# New site layout



## cheddar cheese (Oct 25, 2004)

What does everyone think of the new layout?

To be honest I think its dreadful...


----------



## the lancaster kicks ass (Oct 25, 2004)

you idiot, i was gonna make this poll..................


----------



## cheddar cheese (Oct 25, 2004)

Too slow old man


----------



## JCS (Oct 25, 2004)

Not too crazy about it, the old one wasnt too great either. If you ask me, a blue/dark blue/black theme would look pretty good.


----------



## cheddar cheese (Oct 25, 2004)

But at least the old one was simple and easy to understand. I havent got a problem with the colours, but i reckon lighter blues would look better so it relates to the sky.


----------



## horseUSA (Oct 25, 2004)

you can change the settings in your profile, and go back to the old style, I am still updating it and will add more style soon.
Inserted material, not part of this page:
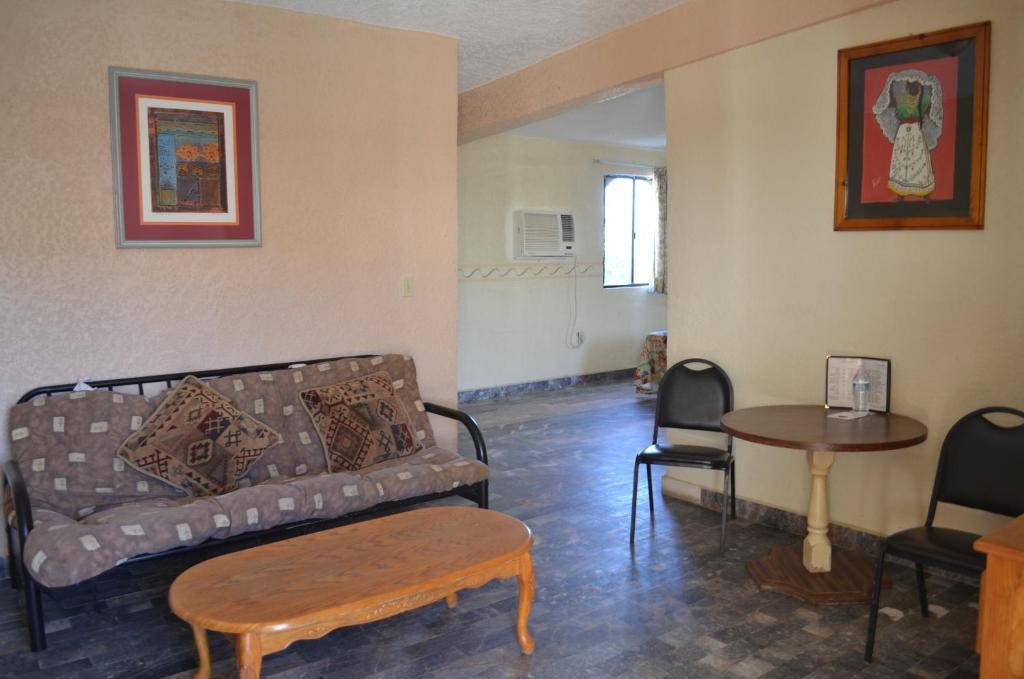 Hotel Paraiso Puerto Peñasco Kamer foto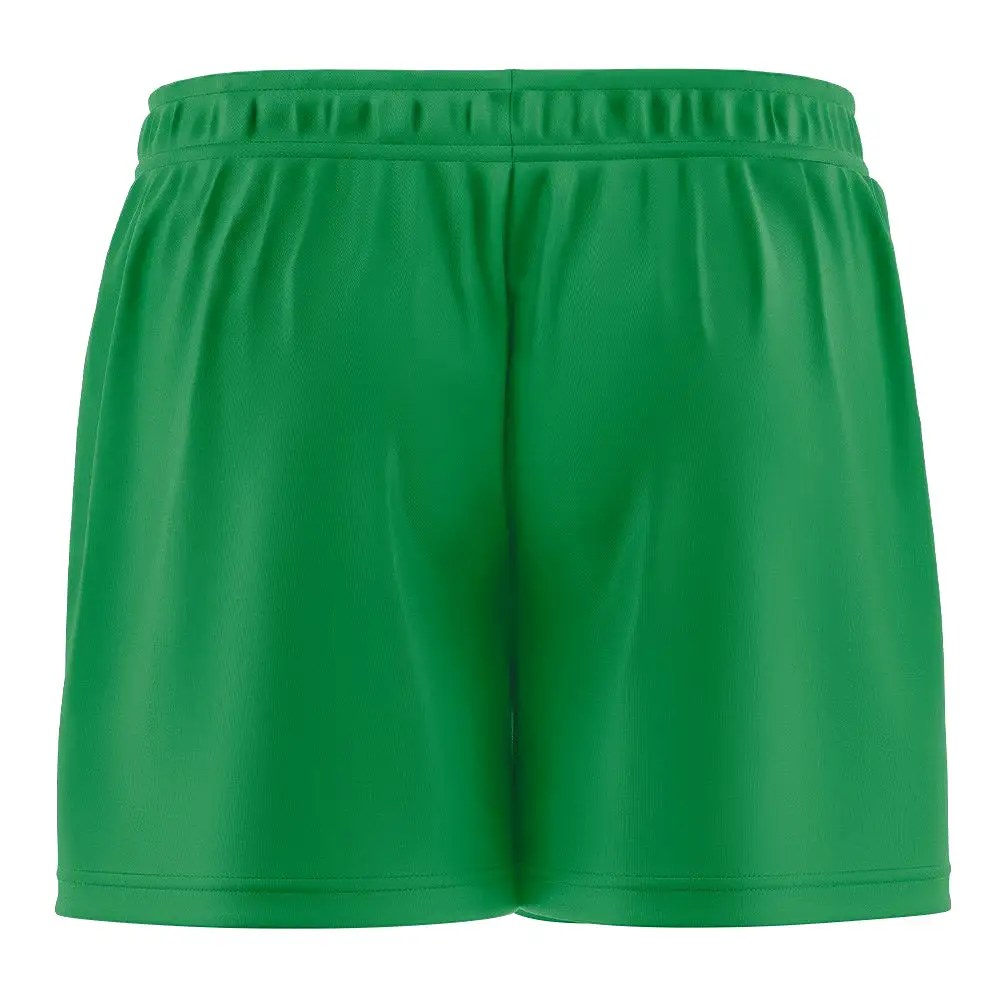 FC Match Football Short Womens - Emerald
Just takes some time cause have to edit alot of the new templates before they will work.


----------



## cheddar cheese (Oct 25, 2004)

Ah thats so much better  Good ol' Desert Storm


----------



## horseUSA (Oct 25, 2004)

gray looks pretty good
so u are saying u want me to keep DesertStorm


----------



## cheddar cheese (Oct 25, 2004)

Well its my personal preference, I dont know about everyone else  But I reckon it should be the default, because people who join the site will want it to be easy to navigate, and the writing on the other layouts is quite small and hard to read


----------



## MichaelHenley (Oct 26, 2004)

I like Desert Storm too... but that's probably because it's the one I've always used.


----------



## cheddar cheese (Oct 26, 2004)

Easier to understand too


----------



## horseUSA (Oct 26, 2004)

lol u young kids sound like old men, can't read it text to small lol.
fine i will keep it desert storm


----------



## cheddar cheese (Oct 26, 2004)

OK mate, dont make us feel we forced you to though


----------



## the lancaster kicks ass (Oct 26, 2004)

but we did force you to really...............


----------



## cheddar cheese (Oct 26, 2004)

We didnt, if we forced him it would be more like:

"CHANGE THE LAYOUT BACK OR ILL HUNT YER DOWN AND GAUGE YER EYES OUT"


----------



## horseUSA (Oct 26, 2004)

lol ok over with the layout change talk was fun


----------